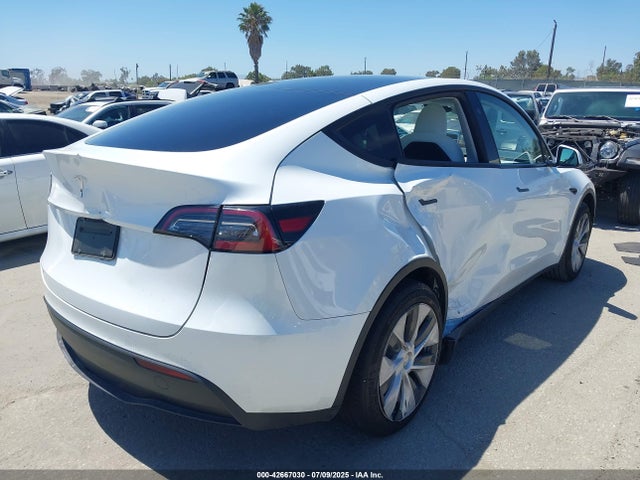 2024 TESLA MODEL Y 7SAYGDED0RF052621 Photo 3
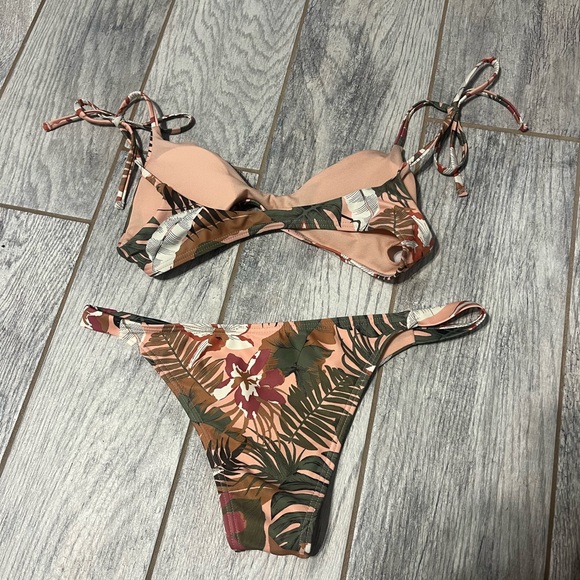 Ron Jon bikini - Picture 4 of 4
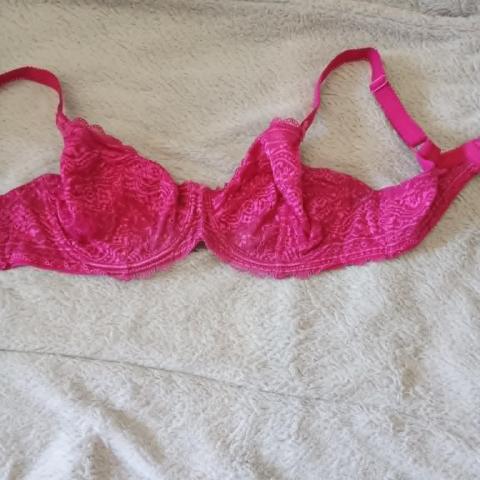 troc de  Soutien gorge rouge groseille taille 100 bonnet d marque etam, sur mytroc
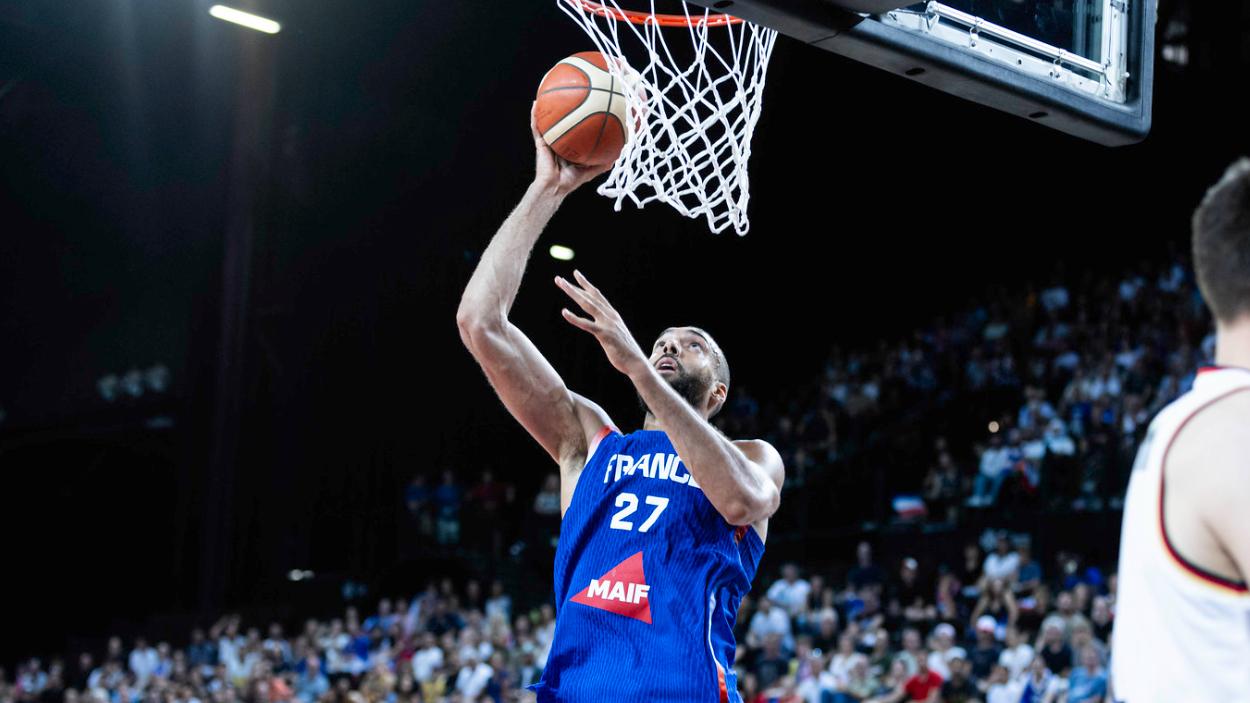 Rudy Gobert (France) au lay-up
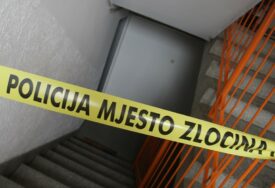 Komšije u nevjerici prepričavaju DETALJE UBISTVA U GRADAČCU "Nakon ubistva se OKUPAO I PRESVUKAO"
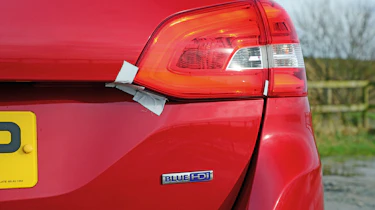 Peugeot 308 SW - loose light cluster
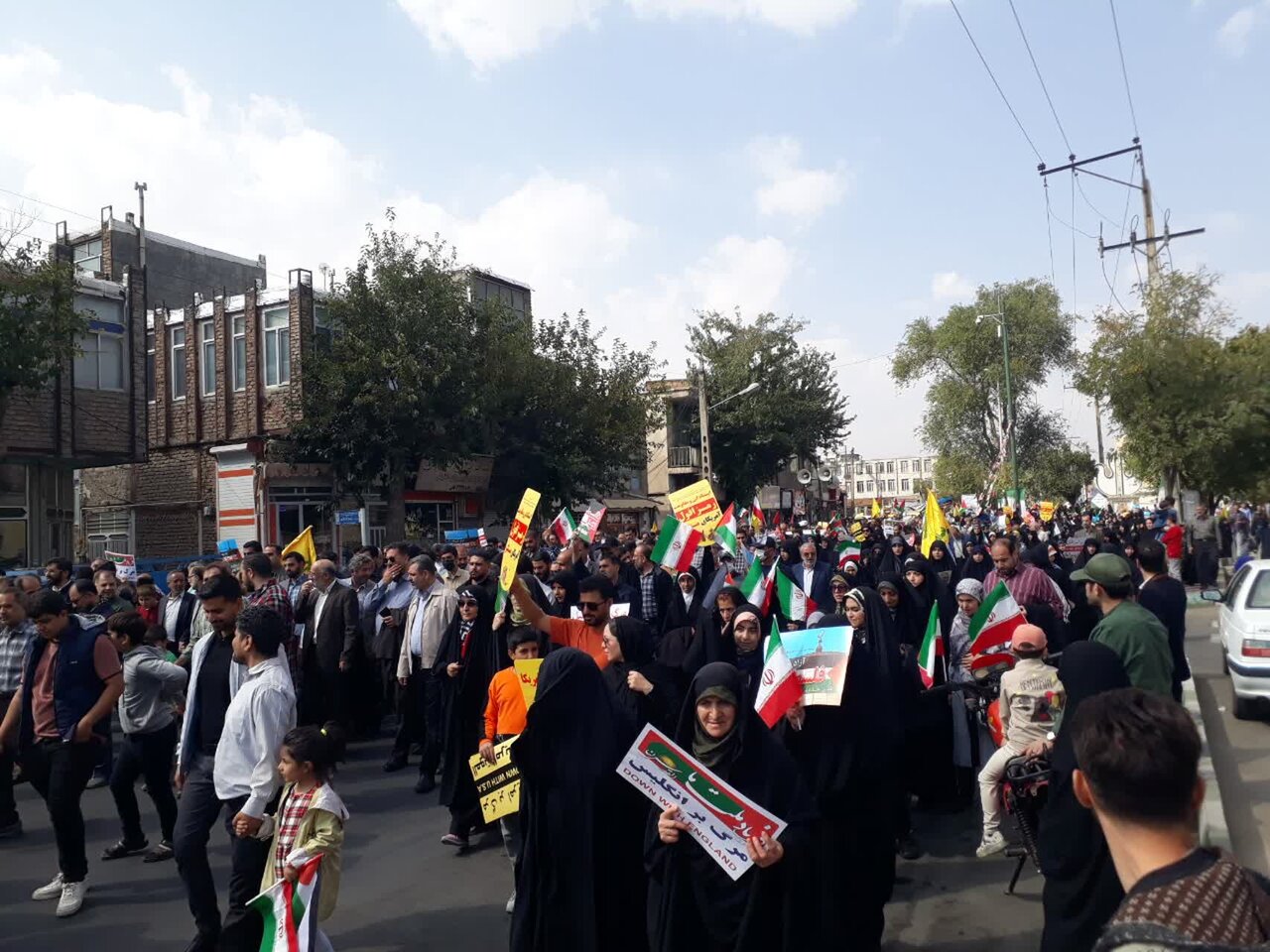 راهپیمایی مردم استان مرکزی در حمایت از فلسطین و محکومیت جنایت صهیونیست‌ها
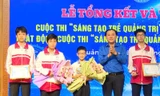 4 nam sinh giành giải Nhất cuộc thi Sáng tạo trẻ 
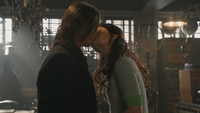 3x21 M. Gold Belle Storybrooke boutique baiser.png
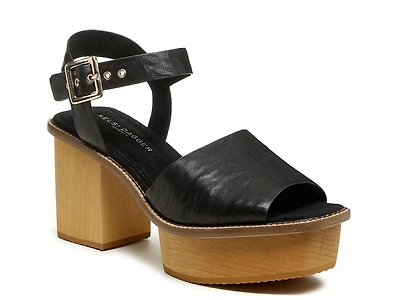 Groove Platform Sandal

──────────────────────────────

» **EXERCISE REQUIREMENTS**:
Nothing but the lines from the line containing "راهپیمایی مردم استان" through the end of the data, both ends included, is to be reproduced, exactly as written and without the pictures.

» **TASK RESULT**:
 راهپیمایی مردم استان مرکزی در حمایت از فلسطین و محکومیت جنایت صهیونیست‌ها
 4 nam sinh giành giải Nhất cuộc thi Sáng tạo trẻ 
 3x21 M. Gold Belle Storybrooke boutique baiser.png
 Groove Platform Sandal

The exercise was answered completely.